The results are nice, to say the least. C and C++ programs are immunized against stack smashes and heap overflows, as well as code injection and out-of-order execution in general. This alone cuts out over half of the security bugs caused in these languages based on frequency, according to some analysis of the first 60 security announcements from Ubuntu Linux. This includes stack and heap buffer overflows, integer overflows, and most other memory corruptions. And the cost of all this? Around a percent or two, no more, of increase in CPU load.

What of Java or Mono? Well to start with, these programs run on top of a JIT or JVM typically. This demands that the strict data-code separation in PaX is disabled, resulting in a slightly weakened security model. On top of it, Java platforms assume that Java arrays can't be overflowed or double-freed, because the language is bounds checked and garbage collected; however, there is always the slight possibility that in the many tens or hundreds of thousands of lines of added code mimicking the functions of the operating system, a slight mistake can lead to the possibility of Java byte code that forces a double-free or internal overflow, leading to code injection.

C also carries with it a platform, a very thin one though, the "C runtime" or "C standard library." Although small, it presents the same issues as the Java platform; it's just fractionally worrisome because of its smaller size, and inherent security issues are better understood at this point.
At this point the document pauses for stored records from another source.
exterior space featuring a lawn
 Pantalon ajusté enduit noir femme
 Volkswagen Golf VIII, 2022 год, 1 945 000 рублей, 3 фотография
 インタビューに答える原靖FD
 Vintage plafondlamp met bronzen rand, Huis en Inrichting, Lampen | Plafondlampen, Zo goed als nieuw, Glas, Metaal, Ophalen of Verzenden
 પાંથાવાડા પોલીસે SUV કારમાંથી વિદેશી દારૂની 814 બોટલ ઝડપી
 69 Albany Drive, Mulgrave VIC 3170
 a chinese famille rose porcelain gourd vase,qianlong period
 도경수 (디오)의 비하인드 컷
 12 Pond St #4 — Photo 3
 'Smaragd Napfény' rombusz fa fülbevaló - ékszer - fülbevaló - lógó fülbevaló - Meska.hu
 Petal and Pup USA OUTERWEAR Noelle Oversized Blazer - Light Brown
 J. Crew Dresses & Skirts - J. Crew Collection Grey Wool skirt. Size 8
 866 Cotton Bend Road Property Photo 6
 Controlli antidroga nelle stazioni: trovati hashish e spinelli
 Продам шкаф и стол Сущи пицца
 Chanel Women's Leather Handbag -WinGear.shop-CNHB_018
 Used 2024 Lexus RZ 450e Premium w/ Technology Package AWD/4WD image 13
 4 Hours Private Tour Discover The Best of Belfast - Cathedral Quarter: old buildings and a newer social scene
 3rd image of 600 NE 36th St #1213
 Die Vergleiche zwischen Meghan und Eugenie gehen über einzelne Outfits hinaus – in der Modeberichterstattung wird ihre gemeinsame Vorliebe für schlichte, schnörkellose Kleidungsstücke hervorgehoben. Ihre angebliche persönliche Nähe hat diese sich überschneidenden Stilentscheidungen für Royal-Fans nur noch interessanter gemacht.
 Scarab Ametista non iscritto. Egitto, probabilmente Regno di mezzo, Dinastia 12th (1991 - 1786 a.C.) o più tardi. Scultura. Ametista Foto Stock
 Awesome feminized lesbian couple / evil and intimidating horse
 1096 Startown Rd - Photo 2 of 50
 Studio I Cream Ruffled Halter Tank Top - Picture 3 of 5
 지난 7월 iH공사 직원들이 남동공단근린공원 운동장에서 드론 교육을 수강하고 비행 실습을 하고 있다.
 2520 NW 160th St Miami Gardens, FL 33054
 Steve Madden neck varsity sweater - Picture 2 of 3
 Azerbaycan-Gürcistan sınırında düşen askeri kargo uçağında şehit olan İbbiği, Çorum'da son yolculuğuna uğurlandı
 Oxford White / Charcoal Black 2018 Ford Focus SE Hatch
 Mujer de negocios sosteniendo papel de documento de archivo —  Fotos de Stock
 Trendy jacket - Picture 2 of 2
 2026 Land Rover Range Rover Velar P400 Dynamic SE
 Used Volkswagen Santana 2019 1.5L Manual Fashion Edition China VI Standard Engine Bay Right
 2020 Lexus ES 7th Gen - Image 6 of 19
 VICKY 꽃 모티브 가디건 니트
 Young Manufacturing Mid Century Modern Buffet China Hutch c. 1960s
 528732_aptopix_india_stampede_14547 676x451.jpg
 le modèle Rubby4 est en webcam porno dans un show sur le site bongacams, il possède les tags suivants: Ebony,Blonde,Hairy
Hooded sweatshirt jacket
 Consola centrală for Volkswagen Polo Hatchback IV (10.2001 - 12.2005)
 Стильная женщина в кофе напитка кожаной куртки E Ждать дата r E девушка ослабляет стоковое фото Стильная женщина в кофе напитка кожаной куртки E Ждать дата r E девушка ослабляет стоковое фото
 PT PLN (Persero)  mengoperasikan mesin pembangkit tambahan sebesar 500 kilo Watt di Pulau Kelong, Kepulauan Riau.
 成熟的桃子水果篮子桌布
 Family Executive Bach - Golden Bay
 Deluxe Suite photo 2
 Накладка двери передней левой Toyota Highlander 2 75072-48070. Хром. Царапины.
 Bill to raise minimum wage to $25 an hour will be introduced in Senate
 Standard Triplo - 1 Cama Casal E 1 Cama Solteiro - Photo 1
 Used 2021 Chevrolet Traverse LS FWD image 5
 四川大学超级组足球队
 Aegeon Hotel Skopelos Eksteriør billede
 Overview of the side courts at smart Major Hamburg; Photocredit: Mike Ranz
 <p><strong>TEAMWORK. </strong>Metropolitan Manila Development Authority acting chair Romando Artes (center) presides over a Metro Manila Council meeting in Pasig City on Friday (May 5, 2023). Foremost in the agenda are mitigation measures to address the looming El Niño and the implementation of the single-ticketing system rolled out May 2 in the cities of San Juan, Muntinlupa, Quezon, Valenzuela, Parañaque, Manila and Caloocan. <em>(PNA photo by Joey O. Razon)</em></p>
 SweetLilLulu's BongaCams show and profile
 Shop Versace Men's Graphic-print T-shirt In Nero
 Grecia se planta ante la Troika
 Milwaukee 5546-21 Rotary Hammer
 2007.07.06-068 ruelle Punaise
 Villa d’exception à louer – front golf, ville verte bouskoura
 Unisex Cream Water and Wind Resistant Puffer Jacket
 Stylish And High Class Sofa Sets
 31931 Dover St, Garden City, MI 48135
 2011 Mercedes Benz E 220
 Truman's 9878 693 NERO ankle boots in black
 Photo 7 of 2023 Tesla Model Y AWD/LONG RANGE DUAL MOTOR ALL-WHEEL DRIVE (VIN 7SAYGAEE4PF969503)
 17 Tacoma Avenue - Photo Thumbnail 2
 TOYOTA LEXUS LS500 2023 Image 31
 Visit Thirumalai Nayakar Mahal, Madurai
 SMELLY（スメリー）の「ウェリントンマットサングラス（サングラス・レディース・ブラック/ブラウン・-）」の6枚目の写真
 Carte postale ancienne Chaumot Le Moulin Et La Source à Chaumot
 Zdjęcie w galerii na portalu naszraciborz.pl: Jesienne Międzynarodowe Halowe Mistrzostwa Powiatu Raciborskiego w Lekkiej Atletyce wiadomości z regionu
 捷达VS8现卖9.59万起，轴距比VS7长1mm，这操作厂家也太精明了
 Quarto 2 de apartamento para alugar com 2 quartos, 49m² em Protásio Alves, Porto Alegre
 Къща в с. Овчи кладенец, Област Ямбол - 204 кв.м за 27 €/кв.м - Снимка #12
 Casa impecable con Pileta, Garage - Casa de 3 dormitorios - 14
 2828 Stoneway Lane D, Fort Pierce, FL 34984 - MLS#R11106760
C++, Objective-C, and other languages build on top of the C runtime and create the problem of an expanded runtime again, though not to the epic proportions of full platforms like Java or Mono. In addition, these runtimes can still be protected by the same enhancements that protect C, although some may have other unexpected attack vectors.

There's a lack of convenience in full platform systems that hasn't been discussed, and has little to do with security. Java and Mono both isolate the program from the underlying system; because of this, they need bindings or reimplementations of common libraries. For example, there must be a class that supplies either a Java implementation of Ogg Vorbis or binds to the native libvorbisfile.so or libvorbisfile.dll to use Ogg Vorbis for Java applications to use Ogg Vorbis. This is mildly aggravating; but also grows the unprotected code base, and forces C libraries used via bindings to run without some security enhancements in JIT and JVM implementations.

There's one more effect that the security enhancements have on C and C++ programs. The increased restrictions tend to expose bugs rather spectacularly; once in a while a program will go from "acting weird sometimes" to simply hard-crashing when introduced into a secure environment. Not only does this force programmers to fix these bugs; but with the stack and heap protections, it even helps them along the way. In essence, the difficulty of debugging a C program can even be reduced by these; though not necessarily below the cost of debugging or writing up a Java or C# program, unless the needed libraries aren't available on those platforms.

So now, which language is more secure? I still say C, for no other reason than because it's easier to make the system protect itself from broken C programs than broken JVMs or Java applets. Assuming the JVM itself is perfect, however, I'm willing to say that C and Java are about on equal ground.